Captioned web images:
============
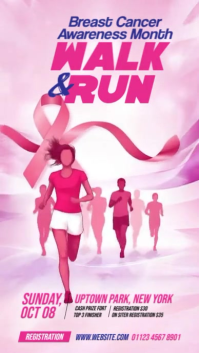 Purple Illustrative  Breast Cancer Marathon Instagram Story template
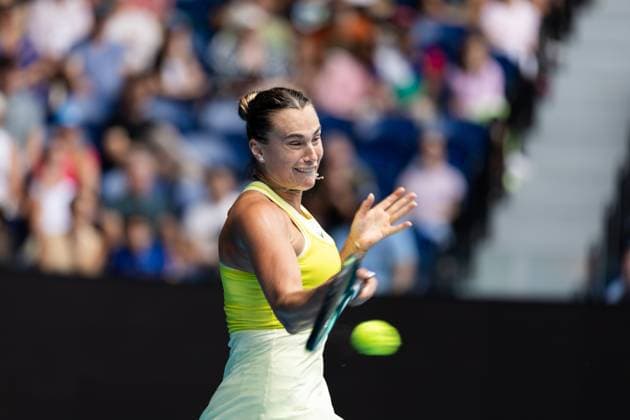 (250115) -- MELBOURNE, Jan. 15, 2025 -- Aryna Sabalenka hits a return during the women s singles 2nd round match between Aryna Sabalenka of Belarus and Jessica Bouzas Maneiro of Spain at Australian Open tennis tournament in Melbourne, Australia, Jan. 15, 2025. (Photo by Xinhua) (SP)AUSTRALIA-MELBOURNE-TENNIS-AUSTRALIAN OPEN-DAY 4 HuxJingchen 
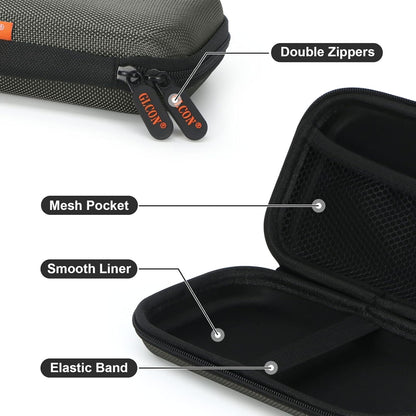 GLCON Dustproof Carrying Case Electronic Accessories Cable Organizer - Portable Small Travel Charger Case Power Bank Phone Pouch - Double Zippers Wallet Hard EVA Storage Carry Bag - Silver Grey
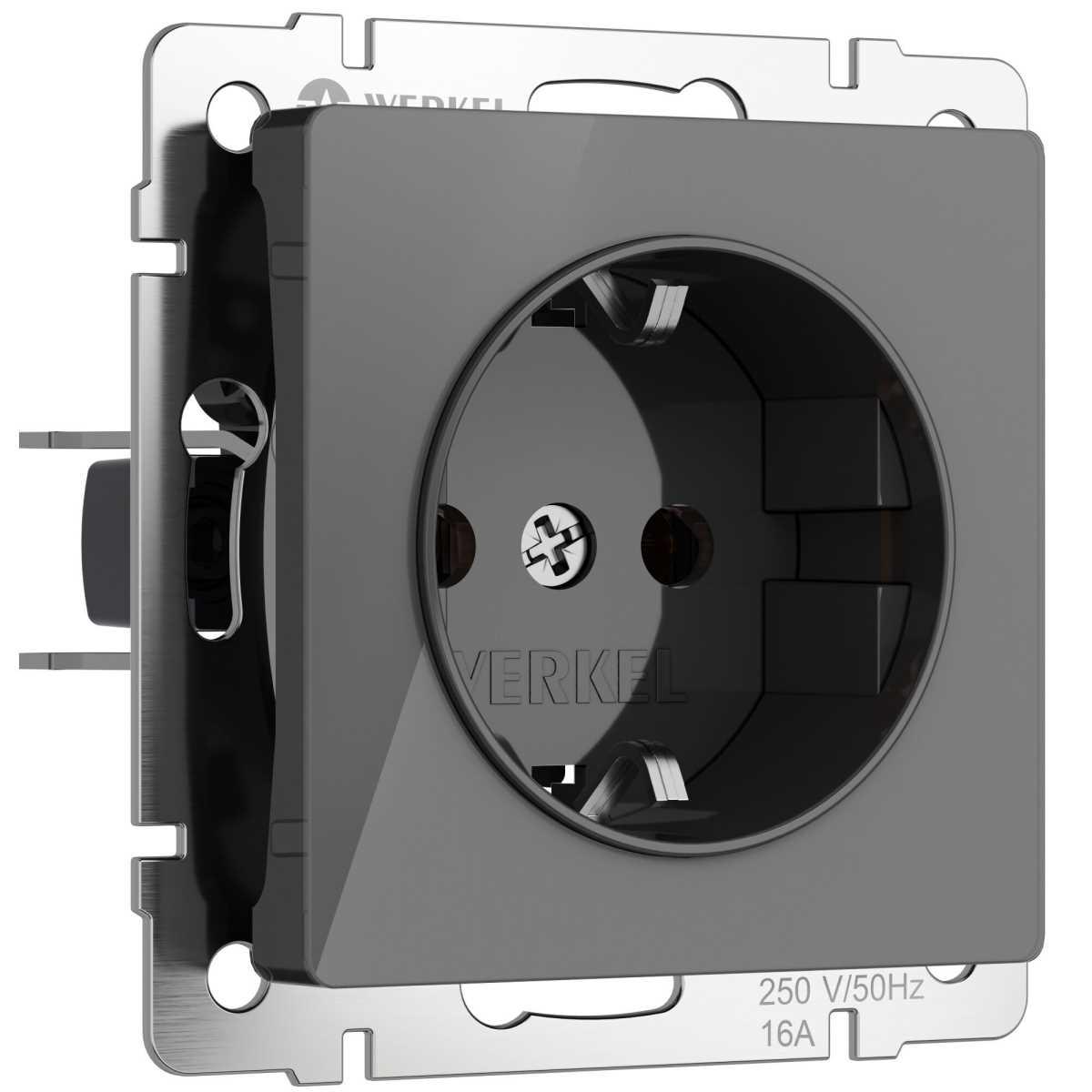 Розетка с заземлением Werkel графит акрил W1171044 4690389197505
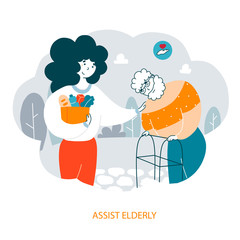 Activist assisting elderly people flat vector illustration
============
§ Work request:
Your job is to copy each entry exactly as written; the pictures do not go in.

§ Answer box:
 Purple Illustrative  Breast Cancer Marathon Instagram Story template
 (250115) -- MELBOURNE, Jan. 15, 2025 -- Aryna Sabalenka hits a return during the women s singles 2nd round match between Aryna Sabalenka of Belarus and Jessica Bouzas Maneiro of Spain at Australian Open tennis tournament in Melbourne, Australia, Jan. 15, 2025. (Photo by Xinhua) (SP)AUSTRALIA-MELBOURNE-TENNIS-AUSTRALIAN OPEN-DAY 4 HuxJingchen 
 GLCON Dustproof Carrying Case Electronic Accessories Cable Organizer - Portable Small Travel Charger Case Power Bank Phone Pouch - Double Zippers Wallet Hard EVA Storage Carry Bag - Silver Grey
 Розетка с заземлением Werkel графит акрил W1171044 4690389197505
 Activist assisting elderly people flat vector illustration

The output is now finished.